DACOMAT will progress beyond state of the art by providing tougher more damage resistant and damage predictable low-cost composite materials. Increased damage tolerance and damage predictability combined with improved structural health monitoring brings on several advantages with significant impacts
- Reduction in design safety margins enabling lighter and cheaper design
- Higher tolerance to production imperfections allowing higher throughput and less production discards
- Less need for manual inspection and better measures to perform condition-based maintenance
- Longer operational lifetime through higher durability and more reliable assessment of remaining lifetime of structures
- Reduced probability of damage to develop to severe or catastrophic scale
In total DACOMAT aims for minimum 30 % improvement in durability and life cycle cost compared with today\'s materials and design solutions.
The wind energy sector has experienced an enormous technological development leading to more productive turbines providing power at decaying prices. Nevertheless, manual inspection & maintenance and downtime still generate large costs. The deployment of expected results in the wind energy sector will reduce these and lead to more reliable wind energy production at lower cost.
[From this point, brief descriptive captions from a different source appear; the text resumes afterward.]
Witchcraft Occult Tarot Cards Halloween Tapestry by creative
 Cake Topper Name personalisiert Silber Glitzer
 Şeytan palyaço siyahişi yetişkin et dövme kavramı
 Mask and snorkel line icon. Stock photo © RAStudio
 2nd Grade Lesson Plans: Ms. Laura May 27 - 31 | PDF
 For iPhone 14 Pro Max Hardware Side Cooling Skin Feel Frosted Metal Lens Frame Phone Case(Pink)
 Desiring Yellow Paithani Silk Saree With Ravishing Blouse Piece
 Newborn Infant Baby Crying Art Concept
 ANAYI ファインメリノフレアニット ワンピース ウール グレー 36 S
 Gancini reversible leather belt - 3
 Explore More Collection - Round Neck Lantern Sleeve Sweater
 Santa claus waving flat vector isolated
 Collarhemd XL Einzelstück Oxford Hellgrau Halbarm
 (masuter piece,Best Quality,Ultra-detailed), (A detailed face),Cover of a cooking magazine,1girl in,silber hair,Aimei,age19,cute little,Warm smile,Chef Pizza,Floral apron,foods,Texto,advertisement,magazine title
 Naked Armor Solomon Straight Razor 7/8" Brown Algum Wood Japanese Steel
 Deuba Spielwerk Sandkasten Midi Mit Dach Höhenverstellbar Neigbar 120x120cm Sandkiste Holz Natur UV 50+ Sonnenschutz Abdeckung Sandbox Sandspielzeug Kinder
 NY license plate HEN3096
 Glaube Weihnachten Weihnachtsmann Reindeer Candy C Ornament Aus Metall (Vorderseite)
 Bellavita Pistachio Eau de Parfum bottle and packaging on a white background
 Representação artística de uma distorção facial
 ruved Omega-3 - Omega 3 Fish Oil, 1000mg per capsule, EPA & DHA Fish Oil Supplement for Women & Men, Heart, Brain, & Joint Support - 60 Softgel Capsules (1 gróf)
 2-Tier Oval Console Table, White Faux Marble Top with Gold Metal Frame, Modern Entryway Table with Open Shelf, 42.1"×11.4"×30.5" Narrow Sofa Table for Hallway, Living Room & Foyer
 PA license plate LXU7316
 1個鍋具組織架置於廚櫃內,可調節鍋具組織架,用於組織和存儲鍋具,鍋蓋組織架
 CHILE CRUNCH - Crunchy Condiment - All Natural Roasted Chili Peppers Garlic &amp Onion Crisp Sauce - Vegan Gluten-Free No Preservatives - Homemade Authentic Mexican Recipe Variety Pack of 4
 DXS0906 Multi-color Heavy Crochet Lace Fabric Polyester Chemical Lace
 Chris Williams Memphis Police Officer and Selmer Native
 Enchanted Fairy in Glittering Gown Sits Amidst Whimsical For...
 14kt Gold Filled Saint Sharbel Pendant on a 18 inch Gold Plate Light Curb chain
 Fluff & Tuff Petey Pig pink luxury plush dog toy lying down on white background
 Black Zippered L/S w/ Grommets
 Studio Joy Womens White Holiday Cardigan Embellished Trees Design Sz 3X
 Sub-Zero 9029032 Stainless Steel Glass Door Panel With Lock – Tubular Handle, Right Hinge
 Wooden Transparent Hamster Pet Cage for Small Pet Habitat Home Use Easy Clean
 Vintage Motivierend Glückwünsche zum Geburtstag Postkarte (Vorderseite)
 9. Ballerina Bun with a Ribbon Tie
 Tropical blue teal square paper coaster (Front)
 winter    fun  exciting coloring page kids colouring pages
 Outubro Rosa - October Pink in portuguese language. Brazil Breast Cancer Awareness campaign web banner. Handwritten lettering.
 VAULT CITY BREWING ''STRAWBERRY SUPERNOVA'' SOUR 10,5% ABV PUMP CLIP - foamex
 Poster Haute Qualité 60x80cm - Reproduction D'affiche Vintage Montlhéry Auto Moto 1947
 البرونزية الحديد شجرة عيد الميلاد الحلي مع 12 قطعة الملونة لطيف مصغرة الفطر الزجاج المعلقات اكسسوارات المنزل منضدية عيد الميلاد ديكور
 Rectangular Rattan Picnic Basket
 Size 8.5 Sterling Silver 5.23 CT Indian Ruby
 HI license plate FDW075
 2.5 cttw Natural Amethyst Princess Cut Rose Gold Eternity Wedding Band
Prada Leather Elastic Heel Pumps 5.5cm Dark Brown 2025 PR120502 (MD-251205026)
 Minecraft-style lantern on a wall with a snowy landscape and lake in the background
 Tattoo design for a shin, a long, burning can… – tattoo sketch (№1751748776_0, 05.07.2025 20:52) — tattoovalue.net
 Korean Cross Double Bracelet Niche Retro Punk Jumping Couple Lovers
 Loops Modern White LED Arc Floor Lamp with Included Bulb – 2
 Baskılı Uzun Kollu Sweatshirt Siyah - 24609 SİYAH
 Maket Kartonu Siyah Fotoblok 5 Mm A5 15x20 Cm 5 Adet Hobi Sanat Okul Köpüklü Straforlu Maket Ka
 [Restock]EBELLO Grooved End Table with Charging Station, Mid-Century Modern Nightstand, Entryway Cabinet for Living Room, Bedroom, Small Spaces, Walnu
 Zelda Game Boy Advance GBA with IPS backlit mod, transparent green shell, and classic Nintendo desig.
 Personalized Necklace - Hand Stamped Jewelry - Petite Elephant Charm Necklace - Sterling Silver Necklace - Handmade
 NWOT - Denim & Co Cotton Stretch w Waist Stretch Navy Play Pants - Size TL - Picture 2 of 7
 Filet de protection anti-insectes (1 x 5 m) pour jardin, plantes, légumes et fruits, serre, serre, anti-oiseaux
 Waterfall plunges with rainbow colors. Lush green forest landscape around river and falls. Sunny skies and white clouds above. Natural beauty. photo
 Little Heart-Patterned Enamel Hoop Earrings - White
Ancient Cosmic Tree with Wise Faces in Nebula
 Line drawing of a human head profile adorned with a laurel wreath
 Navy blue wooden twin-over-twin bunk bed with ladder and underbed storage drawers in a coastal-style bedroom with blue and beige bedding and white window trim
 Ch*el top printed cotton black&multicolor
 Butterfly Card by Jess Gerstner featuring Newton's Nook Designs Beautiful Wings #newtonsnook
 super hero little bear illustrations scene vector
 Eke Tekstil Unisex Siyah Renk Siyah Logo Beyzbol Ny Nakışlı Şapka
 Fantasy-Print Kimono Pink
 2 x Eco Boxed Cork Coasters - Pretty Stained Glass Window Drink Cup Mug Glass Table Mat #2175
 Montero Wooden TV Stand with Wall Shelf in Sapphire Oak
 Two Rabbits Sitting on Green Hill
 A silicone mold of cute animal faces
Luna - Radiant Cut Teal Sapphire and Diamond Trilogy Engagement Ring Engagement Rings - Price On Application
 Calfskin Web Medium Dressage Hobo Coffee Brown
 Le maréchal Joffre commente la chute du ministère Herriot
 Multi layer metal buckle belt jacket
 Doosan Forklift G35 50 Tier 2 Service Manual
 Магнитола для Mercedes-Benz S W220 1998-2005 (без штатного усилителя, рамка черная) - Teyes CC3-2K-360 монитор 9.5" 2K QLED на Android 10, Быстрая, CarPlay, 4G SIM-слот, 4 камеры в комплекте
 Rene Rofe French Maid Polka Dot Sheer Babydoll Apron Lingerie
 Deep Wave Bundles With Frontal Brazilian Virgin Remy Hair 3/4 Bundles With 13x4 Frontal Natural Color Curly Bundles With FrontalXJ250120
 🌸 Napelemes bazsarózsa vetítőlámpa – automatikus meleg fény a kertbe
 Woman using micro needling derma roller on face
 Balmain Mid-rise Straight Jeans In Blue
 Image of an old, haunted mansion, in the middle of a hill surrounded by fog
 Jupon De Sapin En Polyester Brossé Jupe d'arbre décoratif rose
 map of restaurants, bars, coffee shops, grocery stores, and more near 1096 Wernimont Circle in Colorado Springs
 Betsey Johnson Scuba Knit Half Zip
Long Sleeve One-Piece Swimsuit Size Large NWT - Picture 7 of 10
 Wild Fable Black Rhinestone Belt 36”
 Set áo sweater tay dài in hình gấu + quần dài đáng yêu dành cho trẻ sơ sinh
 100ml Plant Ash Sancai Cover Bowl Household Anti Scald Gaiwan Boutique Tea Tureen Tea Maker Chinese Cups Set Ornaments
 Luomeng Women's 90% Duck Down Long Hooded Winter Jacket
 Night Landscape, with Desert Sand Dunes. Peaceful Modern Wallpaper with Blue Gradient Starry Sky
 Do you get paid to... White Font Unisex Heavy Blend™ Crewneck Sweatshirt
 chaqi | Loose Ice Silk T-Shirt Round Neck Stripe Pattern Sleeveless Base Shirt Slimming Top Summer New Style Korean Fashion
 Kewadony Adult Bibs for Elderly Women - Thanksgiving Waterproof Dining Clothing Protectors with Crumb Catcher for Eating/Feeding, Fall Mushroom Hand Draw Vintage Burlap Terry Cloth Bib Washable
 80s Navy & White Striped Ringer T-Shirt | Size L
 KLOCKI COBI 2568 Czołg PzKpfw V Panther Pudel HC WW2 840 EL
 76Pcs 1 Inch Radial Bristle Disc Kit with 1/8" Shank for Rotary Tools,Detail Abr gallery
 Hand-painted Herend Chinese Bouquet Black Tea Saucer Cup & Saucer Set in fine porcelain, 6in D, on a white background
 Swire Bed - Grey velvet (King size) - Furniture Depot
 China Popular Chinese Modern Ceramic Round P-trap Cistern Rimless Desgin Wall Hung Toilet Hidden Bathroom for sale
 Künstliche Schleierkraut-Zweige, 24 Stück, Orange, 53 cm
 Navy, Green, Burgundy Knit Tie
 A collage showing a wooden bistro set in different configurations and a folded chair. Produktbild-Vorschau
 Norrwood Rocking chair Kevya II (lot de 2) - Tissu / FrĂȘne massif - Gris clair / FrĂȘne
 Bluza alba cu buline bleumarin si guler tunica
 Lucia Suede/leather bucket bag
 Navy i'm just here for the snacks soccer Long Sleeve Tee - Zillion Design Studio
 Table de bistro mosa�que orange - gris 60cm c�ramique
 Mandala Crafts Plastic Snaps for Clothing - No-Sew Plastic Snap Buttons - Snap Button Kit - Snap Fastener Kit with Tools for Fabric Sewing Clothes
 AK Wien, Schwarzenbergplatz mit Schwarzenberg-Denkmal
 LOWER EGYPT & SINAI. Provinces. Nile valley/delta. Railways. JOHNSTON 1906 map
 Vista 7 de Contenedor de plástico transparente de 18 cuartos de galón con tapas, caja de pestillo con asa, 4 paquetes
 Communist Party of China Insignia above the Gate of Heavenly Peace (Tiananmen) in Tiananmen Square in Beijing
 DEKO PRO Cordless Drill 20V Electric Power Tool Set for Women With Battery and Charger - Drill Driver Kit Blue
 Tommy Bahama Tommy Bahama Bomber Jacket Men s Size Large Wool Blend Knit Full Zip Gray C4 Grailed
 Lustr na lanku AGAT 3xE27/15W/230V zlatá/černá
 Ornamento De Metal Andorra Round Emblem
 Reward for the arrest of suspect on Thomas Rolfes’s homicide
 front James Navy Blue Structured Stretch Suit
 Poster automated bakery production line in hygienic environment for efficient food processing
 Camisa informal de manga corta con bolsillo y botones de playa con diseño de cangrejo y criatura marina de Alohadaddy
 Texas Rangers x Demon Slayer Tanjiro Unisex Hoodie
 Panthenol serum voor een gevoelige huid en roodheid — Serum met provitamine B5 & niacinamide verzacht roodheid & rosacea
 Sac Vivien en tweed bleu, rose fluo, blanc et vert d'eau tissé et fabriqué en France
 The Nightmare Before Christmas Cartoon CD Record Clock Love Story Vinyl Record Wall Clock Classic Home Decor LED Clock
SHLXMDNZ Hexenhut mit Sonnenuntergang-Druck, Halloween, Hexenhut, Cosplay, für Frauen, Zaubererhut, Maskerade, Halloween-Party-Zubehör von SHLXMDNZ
Throughout Europe there is a large need for establishment, replacement or refurbishment of bridges. DACOMAT will provide materials and technology to do this in a robust, economical and persistent manner. Besides the advantages of strength and outdoor durability, the light weight of composite materials enables prefabrication of smaller bridges that can be installed in very short time with minimum traffic interruption, which otherwise will influence third parties both economically and in terms of well-being.